Another advantage of starting on assigned course work early is that you'll have time to ask your instructor if you have any questions or trouble. If you wait until right before the work is due, you may not have time to get any extra help.
Additionally, starting homework and studying as soon as possible after each class will help ensure you have the time you need to get everything done each week. This is especially important if you are also working full- or part-time while in school.
Designate Specific Study Times and Spaces
Since much of being a successful college student concerns time management, one of the most important study tips for military students is to create a solid study schedule and stick to it. This means creating specific times for studying throughout the week, and also finding dedicated study spaces where you won't get distracted.
When possible, try to break your study schedule down into specific chunks of time for each course you're taking. Knowing exactly what you plan to work and when can help keep your attention focused. Consider the types of study spaces that might be best for each of your classes. For instance, when studying for an english or history class with lots of reading, a library or quiet room in your house might be the best option.
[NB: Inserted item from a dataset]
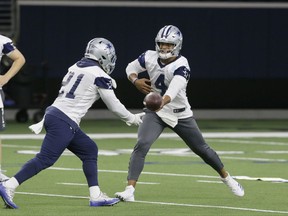 Dallas Cowboys quarterback Dak Prescott (4) hands off to teammate running back Ezekiel Elliott (21) during an NFL football practice in Frisco, Texas, Thursday, Sept. 7, 2017. (AP Photo/LM Otero)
Keep All Course Materials Clearly Organized
To ensure you have easy access to all of your notes and course work when you need it, invest in separate notebooks and folders for each class, and try to color coordinate or label them so they're easily identifiable. Having all the materials you need for a particular class in one easy-to-find spot will save a lot of extra time and hassle in the long run, and these can be especially hot commodities late in the semester when you're working on term papers and studying for finals.
In addition to organizing your class work and notes so they're all in one place, try making study guides for your most difficult classes. By outlining the key concepts and points you need to spend the most time on, you can make the most out of your study time and ensure you stay on track.
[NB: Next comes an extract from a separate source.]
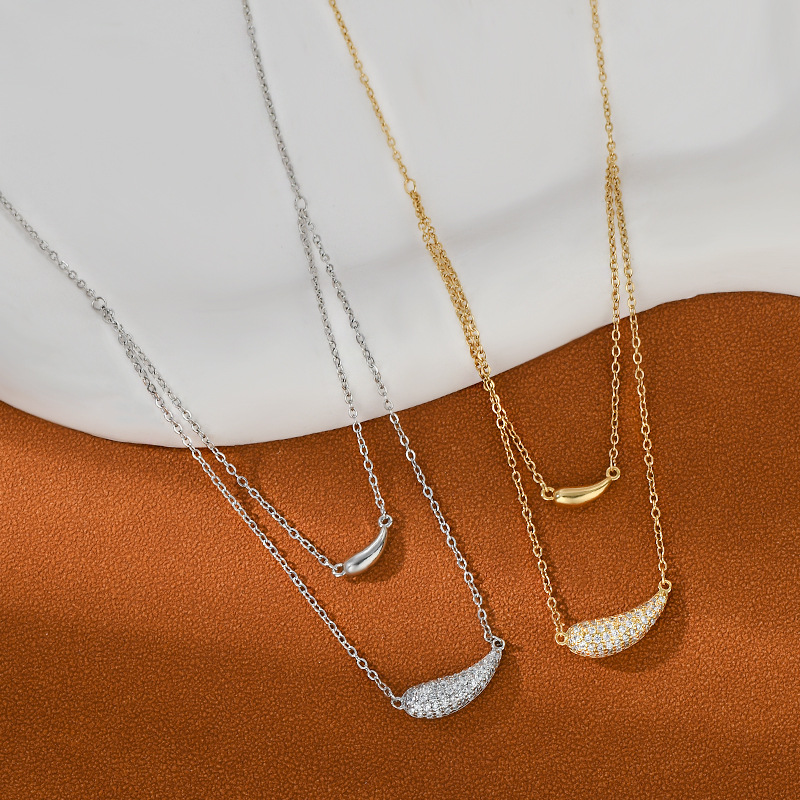 A golden double-layer curved pendant necklace with a unique design for women. It features a stacked collarbone chain and is a versatile necklace for daily commuting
Leave Time for Relaxing and Spending Time With Family and Friends
While transitioning from the military to college requires a lot of work and studying, remember that you also need to leave some time for yourself to avoid burnout. Try to stick to your study schedule closely enough that you can also spend time relaxing or doing something with your family or friends in your off hours. Having a strong support network can make the transition to college life a bit easier, so be sure to call on others when and if you need help.